Twitter suspends GOP MP Marjorie Taylor Greene as Democrats push for her to be expelled from Congress

Rep. Marjorie Taylor Greene, R-Ga., Is on the steps of the American Rescue Plan Act on Wednesday, March 10, 2021, in the vote on the US Rescue Plan Act Covid-19 House to see.

Tom Williams | CQ Appeal, Inc. | Getty Images

Twitter has re-banned Rep. Marjorie Taylor Greene, R-Ga., Account, her office said Friday, as dozen of House Democrats attempt to expel the conspiratorial legislature from Congress.

Greene, who previously promoted the baseless pro-Trump QAnon conspiracy and supported calls for violence against Democrats, said in a campaign message that Twitter banned her account “without explanation” around 1:00 a.m. Friday, her office told CNBC.

According to this campaign message, Greene’s account is locked for 12 hours.

Twitter spokesmen did not immediately confirm the suspension or comment on Greene’s allegations.

Twitter had previously temporarily suspended Greene in January for spreading misinformation.

Greene’s office suspected the timing of the social media giant’s recent action, which allegedly took place hours before Rep. Jimmy Gomez, D-Calif., Instituted a resolution to expel Greene from Congress. There was no immediate evidence to support the suspicion.

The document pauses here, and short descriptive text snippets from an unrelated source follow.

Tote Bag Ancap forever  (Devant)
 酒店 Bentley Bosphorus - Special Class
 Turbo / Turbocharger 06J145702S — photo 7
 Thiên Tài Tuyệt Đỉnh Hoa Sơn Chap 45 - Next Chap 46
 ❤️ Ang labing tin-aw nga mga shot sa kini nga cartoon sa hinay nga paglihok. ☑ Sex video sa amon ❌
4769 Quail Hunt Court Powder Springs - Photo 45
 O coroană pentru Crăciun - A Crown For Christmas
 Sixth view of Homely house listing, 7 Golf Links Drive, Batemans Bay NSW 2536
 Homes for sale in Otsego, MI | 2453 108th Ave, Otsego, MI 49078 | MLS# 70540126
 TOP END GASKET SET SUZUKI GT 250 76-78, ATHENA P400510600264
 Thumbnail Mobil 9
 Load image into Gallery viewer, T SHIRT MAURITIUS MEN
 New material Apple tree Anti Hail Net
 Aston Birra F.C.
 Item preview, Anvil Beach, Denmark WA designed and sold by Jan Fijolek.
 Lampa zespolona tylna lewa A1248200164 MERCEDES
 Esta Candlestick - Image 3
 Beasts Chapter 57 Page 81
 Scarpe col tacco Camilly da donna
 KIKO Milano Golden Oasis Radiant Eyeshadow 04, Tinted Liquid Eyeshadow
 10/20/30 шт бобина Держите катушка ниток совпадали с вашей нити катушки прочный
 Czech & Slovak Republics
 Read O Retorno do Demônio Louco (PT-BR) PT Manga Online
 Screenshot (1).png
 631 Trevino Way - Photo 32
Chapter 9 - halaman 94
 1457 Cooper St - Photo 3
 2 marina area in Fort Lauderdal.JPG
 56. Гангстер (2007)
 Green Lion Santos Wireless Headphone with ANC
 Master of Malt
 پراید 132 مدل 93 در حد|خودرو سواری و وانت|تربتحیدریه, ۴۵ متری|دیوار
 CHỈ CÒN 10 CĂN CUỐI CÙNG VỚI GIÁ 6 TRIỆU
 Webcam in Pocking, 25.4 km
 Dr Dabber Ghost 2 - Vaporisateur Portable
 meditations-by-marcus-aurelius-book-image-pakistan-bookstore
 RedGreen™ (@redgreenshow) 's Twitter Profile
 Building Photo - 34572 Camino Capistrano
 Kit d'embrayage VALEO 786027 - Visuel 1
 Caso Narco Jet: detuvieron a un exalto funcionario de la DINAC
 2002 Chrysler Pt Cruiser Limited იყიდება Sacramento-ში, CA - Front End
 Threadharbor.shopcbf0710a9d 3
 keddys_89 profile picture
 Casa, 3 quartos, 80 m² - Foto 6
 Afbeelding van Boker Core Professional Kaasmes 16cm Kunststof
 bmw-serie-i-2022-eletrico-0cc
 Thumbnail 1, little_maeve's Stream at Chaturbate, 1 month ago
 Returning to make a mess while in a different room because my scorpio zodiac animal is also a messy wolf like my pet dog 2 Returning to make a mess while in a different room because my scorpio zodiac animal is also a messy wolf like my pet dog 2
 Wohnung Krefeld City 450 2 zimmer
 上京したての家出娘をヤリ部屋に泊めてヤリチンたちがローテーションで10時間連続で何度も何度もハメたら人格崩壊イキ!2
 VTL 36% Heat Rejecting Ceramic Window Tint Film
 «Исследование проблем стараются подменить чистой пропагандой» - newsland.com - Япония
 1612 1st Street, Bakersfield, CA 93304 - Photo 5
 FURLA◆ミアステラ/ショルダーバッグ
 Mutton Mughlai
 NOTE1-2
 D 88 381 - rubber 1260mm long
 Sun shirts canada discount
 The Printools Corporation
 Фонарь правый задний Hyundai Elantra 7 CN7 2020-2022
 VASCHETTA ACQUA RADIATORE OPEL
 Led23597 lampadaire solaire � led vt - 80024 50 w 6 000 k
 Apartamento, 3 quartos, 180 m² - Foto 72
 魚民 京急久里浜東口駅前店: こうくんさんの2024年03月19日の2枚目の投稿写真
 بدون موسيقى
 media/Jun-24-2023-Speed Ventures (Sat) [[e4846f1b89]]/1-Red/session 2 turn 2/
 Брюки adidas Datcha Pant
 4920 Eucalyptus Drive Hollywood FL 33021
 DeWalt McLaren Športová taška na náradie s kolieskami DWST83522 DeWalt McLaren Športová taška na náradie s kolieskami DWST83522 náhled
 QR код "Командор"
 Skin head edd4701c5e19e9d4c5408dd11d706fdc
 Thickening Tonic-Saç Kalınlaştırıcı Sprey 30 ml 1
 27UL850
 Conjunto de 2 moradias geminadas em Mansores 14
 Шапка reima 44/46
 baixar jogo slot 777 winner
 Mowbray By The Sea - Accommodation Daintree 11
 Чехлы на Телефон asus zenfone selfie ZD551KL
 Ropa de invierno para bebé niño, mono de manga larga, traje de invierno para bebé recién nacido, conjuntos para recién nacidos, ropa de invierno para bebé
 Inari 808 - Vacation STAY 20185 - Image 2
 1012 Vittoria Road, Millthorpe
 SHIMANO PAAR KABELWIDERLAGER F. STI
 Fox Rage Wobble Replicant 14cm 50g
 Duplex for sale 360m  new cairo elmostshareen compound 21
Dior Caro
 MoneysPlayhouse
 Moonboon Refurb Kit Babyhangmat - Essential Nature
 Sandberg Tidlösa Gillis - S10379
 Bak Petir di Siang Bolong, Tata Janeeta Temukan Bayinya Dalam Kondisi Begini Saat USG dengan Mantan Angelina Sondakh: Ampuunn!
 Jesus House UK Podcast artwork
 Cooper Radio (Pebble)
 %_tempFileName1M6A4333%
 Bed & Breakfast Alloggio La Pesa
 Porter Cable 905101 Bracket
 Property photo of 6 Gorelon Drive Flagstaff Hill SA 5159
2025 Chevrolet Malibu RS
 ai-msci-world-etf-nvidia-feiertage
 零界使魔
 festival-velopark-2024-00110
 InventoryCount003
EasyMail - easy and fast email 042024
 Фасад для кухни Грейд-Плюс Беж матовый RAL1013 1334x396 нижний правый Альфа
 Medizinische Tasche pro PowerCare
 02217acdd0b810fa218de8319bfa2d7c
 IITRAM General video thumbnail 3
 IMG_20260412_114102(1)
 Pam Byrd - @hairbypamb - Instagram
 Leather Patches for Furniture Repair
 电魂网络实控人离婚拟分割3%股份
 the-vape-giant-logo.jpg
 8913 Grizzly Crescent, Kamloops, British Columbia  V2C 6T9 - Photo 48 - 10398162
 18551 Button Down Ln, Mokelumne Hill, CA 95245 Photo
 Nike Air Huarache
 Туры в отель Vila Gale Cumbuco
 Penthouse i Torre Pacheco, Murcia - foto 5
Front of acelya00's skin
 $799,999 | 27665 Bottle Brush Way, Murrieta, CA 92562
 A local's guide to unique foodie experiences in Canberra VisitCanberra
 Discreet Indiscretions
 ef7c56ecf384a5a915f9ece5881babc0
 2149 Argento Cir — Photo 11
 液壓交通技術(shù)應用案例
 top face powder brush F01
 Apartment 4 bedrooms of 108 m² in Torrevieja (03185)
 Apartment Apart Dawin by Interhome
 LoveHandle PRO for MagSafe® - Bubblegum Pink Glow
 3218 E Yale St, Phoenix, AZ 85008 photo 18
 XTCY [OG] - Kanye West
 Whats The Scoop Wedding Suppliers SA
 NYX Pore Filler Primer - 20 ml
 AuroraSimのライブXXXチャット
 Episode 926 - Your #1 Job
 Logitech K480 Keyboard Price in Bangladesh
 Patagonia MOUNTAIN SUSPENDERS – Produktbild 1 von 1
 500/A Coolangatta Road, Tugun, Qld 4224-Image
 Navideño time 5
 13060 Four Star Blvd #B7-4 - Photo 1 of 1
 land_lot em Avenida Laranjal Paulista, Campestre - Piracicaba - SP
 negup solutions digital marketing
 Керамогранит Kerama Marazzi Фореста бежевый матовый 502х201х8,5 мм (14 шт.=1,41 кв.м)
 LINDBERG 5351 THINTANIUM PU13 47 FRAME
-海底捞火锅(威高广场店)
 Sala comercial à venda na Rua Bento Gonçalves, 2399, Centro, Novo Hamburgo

“I think some of my Republican colleagues, and one in particular, want this legislature to be harmed. And I’m not saying this for the shock value,” Gomez said on the floor of the house on Friday morning.

“It’s the conclusion I came to after a member of Congress advocated violence against our colleagues, the spokesman and our government,” Gomez said of Greene.

Gomez spokesman Eric Harris told CNBC that 72 House Democrats co-sponsored his unilateral resolution which simply states that “under Article 1, Section 5, Clause 2 of the United States Constitution, Representative Marjorie Taylor Greene, and she hereby becomes excluded from the House of Representatives. “

The co-sponsors include Alexandria Ocasio-Cortez from New York, Eric Swalwell and Maxine Waters from California and Joaquin Castro from Texas.

Gomez on Friday directly linked Greene’s most controversial statements, many made prior to taking office, to the deadly January 6 invasion of the Capitol by a crowd of supporters of former President Donald Trump.

“It’s what I believed in after this chamber was turned into a crime scene 10 weeks ago. So many of us felt safe in this room when the Capitol was breached. Some members called loved ones to say goodbye “Others prayed God to them and I wondered if this would be the day our democracy died,” said Gomez.

“I am not pleased with the introduction of this resolution, but any member who incites political violence and threatens our lives must be expelled and I will do everything in my power to protect our democracy and to protect all of my colleagues” , he said .

Gomez had shared plans to draft a resolution for Greene’s expulsion in late January, saying at the time: “Your presence in office poses a direct threat to the elected officials and employees who serve our government.”

In February the House voted to remove Greene from her committee duties. All Democrats and 11 Republicans supported this resolution.

Just before it was over, Greene had expressed regret over spreading false conspiracy claims, including QAnon and her reported suggestion that some school shootings had been carried out.